(Beginning of Data records)

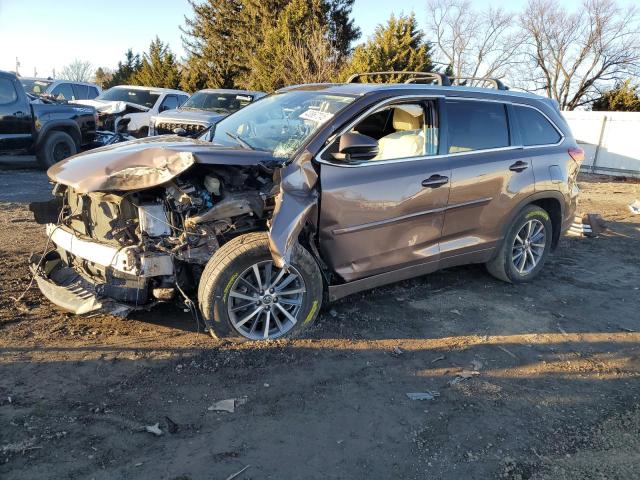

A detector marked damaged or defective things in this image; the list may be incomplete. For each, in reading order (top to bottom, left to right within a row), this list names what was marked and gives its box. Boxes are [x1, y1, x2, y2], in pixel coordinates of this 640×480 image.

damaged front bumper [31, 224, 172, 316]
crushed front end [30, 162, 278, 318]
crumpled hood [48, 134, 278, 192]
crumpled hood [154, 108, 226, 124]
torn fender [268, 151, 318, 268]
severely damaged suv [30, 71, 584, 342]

(End of Data records)
(Beginning of Data records)

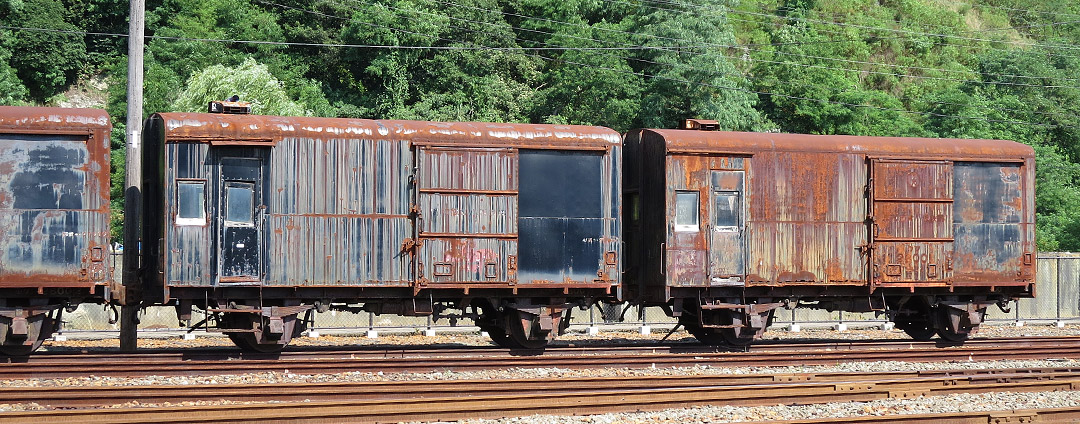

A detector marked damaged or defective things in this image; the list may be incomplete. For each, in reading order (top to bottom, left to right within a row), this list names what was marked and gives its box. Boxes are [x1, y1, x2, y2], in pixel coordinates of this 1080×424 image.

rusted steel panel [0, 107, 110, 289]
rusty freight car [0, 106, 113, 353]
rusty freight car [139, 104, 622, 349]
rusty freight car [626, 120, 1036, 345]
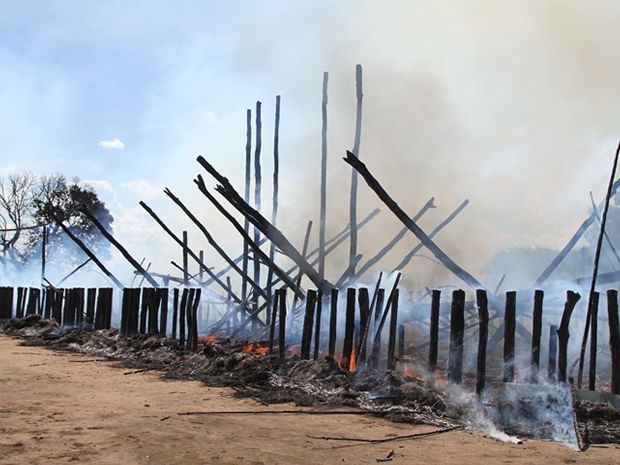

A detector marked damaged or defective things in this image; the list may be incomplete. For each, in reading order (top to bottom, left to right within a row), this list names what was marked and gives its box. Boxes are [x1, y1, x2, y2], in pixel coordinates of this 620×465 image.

(End of Data records)
(Beginning of Data records)

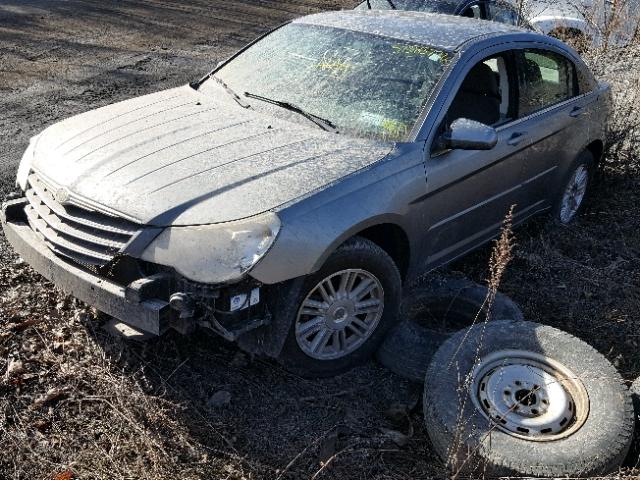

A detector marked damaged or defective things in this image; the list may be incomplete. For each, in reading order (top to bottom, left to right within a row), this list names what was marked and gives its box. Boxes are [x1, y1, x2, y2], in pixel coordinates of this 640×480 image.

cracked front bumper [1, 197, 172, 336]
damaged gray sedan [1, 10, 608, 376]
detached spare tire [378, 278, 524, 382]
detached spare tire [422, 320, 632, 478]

(End of Data records)

**What to do**: Although the records hold pictures, the copy must not; give again exactly the lines from the one with "this 1080×424 image." through the one with "this 620×465 image.".

**The answer**:
A detector marked damaged or defective things in this image; the list may be incomplete. For each, in reading order (top to bottom, left to right within a row), this list names what was marked and gives its box. Boxes are [x1, y1, x2, y2], in pixel coordinates of this 1080×424 image.

rusted steel panel [0, 107, 110, 289]
rusty freight car [0, 106, 113, 353]
rusty freight car [139, 104, 622, 349]
rusty freight car [626, 120, 1036, 345]

A detector marked damaged or defective things in this image; the list may be incomplete. For each, in reading order (top to bottom, left to right within a row), this list names what was marked and gives its box. Boxes are [x1, y1, x2, y2], in pixel coordinates of this 620×465 image.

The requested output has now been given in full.